Mankins played with a torn ACL, does that mean it had healed itself completely?

He played a lot because we had two rookies who both got injured and Gronk was injured.

I really don't know why it is so hard to understand that a slot receiver who's job it is to stop and cut can't play at 100% of his ability when a muscle and tendon in his groin area is still tender from not affording the maximum amount of rest and rehabilitation to it, in fact completely aggravating it every time you do your job.

I think some people just don't imagine what these professional football players put themselves through to perform in situations where the team has no available experienced players.

I'm starting to think it isn't that my explanations are unclear, rather that they aren't being really considered and understood.
 
By the way, there are no football games for many months, so that players with injuries will have time, the only cure for some injuries, to rest, heal and rehab.
 
Playing football on a tendon that is no longer completely ripped off the bone is not the same as playing football without an injury. If he was a cashier at a store, he would be considered "healed" being that a little discomfort wouldn't interfere with doing that job, if that's what you mean.

Mankins played with a torn ACL, does that mean it had healed itself completely?

He played a lot because we had two rookies who both got injured and Gronk was injured.

I really don't know why it is so hard to understand that a slot receiver who's job it is to stop and cut can't play at 100% of his ability when a muscle and tendon in his groin area is still tender from not affording the maximum amount of rest and rehabilitation to it, in fact completely aggravating it every time you do your job.

I think some people just don't imagine what these professional football players put themselves through to perform in situations where the team has no available experienced players.

I'm starting to think it isn't that my explanations are unclear, rather that they aren't being really considered and understood.

I get it Ray, and you know what he was injured and it affected him, how much only Amendola and the staff would know. As I said in another post that is all in the past, I have been arguing the Amendola and Edelman situation tirelessly all offseason and I have determined that the gap is so minimal that it really is not even worth arguing.

The Patriots have had three of the better slot receivers in the past 8 years on this team and every year, and they could all catch 120 footballs and gain 1200 yards but you know what it does not matter. In order for the offense to be effective, it is completely dependent on having a major player. This offense has been great three times during the Brady era. In 2007 when Moss, in 2011 when Gronkowski was healthy and in 2012 with Gronkowski (prior to his arm injury), the reason is that the slot wide receiver as helpful as it is works against the team in many ways. When we beat Denver so many people noted how Belichick played Manning and gave him the running game to prevent the pass, well it is my opinion that teams do that to us all the time, they give Brady the 6-10 yard pass to Welker, Edelman or Amendola. They know that he will take it, it will eat the clock and he will take the ball down field. When inside the 20 yard line without a Moss or Gronkowski if they can stop the running game most times it will end in just a field goal.

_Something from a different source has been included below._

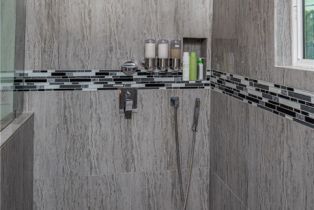 Single Family Residence, 730 Orchard dr, Burbank, CA 91506 - 19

Look at the numbers on any given season around 25% of Brady’s completions will go to the slot receiver (Welker, Edelman, or Amendola) but of their 100+ receptions, generally less than 6% of occur in the touchdown. In 2011 Welker accounted for 28% of the passes thrown by Brady, yet of Brady’s touchdown passes only 23% were made by Welker. Compare that to Gronkowski who accounted for 20% of Brady’s passes in 2011, yet 43% of Brady’s touchdown passes were to Gronkowski.

I do not really care if it is Amendola or Edelman in the slot next year because I have concluded that if that position is the primary weapon in our offense we will not win a championship, so the player being able to catch 10 more passes than the other is not going to make a bit of difference.
 
I think that there's still a reasonable chance that Amendola's going to have another 85+ catch year in the next season or two, sure.

As we saw this year, Julian Edelman was able to stay healthy. Sometimes you just have some bad luck. It's the guys like Aqib Talib, Austin Collie, Miles Austin etc who have chronic issues of the same type of injury that concern me more than even a guy like Amendola/Edelman, who seem to have had some bad luck of sorts.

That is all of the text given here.